Well here I am again trying to restart, keeping up with my blog. Ugh. I love to write but I get off track so much with day to day life. But that is kind of a segue into what this post is about. Going into 2015 I am really going to be revamping somethings in my life. I plan on living a more "minimalist" lifestyle. Basically I plan on getting rid of sh*t so that I don't fill my life with "stuff'.
I kind of already started to do this by canceling my 300+ channel cable subscription. We now have only 20 basic channels and a Roku box. I love it. I probably only watch TV once a week now. I could drop it all together, but my poor, soon to be husband would probably change his mind about getting married!
But anyways, back to getting rid of "stuff". Just today I went through my closet and my book shelves and donated/sold a good chunk of items. It was a little hard to go through the books (I always dreamt I would have a nice "reading room"/library in my house). But to reach future goals (one day to join the "Tiny House Movement") I would need to make more space. I actually cleared off two entire shelves! I still have a TON of new books to read, but going forward I will no longer be buying actual book, books. Instead I will be broadening my e-Reader collection. That way, all I will ever need is an internet connection (I mean come on, there are somethings that I really don't think I could live without) and my iWhatever device.

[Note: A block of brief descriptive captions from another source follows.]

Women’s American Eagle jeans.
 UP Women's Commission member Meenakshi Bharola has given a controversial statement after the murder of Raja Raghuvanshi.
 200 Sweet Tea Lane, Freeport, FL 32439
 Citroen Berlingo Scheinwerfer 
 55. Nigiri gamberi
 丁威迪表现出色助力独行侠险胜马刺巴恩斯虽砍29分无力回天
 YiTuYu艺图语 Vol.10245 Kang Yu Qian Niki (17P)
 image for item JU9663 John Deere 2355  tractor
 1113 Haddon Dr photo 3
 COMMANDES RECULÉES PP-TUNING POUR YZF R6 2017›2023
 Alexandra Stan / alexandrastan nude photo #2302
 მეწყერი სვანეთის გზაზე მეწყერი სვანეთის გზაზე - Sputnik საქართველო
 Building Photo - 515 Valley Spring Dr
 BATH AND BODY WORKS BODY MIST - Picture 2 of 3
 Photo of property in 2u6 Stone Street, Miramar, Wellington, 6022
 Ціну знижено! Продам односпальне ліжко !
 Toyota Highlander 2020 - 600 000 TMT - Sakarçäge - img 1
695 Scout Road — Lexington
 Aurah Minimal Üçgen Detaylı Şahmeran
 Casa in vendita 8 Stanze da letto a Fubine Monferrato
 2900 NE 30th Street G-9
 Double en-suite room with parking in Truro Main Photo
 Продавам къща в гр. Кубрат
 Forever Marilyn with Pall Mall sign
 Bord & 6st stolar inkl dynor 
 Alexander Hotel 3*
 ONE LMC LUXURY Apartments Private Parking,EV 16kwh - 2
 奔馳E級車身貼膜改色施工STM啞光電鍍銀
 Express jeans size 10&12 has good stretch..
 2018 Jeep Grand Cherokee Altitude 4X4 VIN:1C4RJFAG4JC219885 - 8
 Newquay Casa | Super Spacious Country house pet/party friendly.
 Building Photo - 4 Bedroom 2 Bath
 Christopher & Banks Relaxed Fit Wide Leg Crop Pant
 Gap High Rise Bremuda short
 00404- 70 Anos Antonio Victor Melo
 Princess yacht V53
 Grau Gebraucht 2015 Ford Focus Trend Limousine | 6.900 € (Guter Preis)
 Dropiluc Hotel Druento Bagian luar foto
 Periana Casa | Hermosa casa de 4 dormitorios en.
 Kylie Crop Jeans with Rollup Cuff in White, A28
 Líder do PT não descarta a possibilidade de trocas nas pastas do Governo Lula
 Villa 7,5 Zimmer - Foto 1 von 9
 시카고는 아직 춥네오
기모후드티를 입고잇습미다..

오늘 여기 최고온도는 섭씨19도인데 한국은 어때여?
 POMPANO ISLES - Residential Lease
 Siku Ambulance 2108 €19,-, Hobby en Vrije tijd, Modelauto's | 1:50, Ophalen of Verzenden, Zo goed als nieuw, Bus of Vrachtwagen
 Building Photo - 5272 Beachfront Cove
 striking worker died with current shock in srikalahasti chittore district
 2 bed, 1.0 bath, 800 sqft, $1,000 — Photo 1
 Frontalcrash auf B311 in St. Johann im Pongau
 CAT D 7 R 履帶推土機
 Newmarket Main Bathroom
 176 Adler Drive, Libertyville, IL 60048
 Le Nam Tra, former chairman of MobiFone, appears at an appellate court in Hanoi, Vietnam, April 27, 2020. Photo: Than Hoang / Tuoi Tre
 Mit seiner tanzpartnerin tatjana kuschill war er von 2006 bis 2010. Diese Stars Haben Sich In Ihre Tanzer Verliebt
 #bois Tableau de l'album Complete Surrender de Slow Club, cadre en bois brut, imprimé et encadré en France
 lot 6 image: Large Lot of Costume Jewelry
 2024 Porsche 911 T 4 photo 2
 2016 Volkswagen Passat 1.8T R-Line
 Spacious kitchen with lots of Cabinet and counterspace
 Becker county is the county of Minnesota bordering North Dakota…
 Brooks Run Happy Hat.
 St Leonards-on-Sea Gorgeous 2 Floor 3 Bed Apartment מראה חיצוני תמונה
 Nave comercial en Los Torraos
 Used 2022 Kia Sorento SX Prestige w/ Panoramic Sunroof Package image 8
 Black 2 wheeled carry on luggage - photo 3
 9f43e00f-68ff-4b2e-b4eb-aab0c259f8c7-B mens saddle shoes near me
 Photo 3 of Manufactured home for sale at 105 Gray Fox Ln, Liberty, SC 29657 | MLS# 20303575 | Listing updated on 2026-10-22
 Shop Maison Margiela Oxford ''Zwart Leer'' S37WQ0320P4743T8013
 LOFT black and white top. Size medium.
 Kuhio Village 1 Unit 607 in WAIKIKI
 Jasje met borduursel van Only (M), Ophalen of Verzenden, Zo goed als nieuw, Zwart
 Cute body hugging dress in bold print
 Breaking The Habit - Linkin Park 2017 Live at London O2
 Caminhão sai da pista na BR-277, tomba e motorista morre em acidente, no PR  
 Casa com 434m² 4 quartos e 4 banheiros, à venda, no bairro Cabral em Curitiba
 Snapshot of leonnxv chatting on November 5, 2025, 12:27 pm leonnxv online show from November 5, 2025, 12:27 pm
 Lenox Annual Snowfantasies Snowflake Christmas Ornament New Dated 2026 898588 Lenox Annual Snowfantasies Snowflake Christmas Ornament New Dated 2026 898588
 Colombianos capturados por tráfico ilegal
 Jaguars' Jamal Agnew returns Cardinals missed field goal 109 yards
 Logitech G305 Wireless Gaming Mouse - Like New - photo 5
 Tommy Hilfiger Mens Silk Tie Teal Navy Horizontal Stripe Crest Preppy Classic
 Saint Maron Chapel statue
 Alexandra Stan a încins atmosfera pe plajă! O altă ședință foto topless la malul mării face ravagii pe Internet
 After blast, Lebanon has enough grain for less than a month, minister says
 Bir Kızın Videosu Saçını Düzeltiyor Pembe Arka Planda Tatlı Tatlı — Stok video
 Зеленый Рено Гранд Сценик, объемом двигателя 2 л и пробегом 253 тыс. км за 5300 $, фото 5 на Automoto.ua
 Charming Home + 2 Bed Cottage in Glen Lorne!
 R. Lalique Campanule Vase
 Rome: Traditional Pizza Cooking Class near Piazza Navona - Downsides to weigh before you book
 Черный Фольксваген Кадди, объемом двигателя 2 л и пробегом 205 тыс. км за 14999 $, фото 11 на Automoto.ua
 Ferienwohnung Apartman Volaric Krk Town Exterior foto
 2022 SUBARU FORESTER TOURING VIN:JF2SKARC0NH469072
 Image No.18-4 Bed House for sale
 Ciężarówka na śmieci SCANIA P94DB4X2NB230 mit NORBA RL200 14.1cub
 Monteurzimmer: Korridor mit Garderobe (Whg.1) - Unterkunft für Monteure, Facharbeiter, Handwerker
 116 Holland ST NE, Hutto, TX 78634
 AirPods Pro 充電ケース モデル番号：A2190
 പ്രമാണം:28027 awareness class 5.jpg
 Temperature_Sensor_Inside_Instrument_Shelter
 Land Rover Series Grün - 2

I think the hardest thing for me in this transformation will be with learning how to separate emotional connections from "things". For an example, I save all the greeting cards that my parents and loved ones have ever given me. I feel like if I throw them out, that I am throwing a "piece" of them away or secretly hurting their feelings. But they are not that greeting card, that "thing", they are a living person, that no matter what, I can and will always carry in my mind and my heart. It will be hard but I know I will get there. I may not be throwing away the greeting cards yet, but starting with this upcoming Christmas, I won't be giving any cards to anyone but my parents (I will need to "wean" my mom off the not giving cards slowly).
Well, now that I have recharged, I want to keep going!! But I really need to get to sleep and with so much more to say, cutting it short this time will hopefully *fingers crossed* keep me coming back to share again another day! Namaste!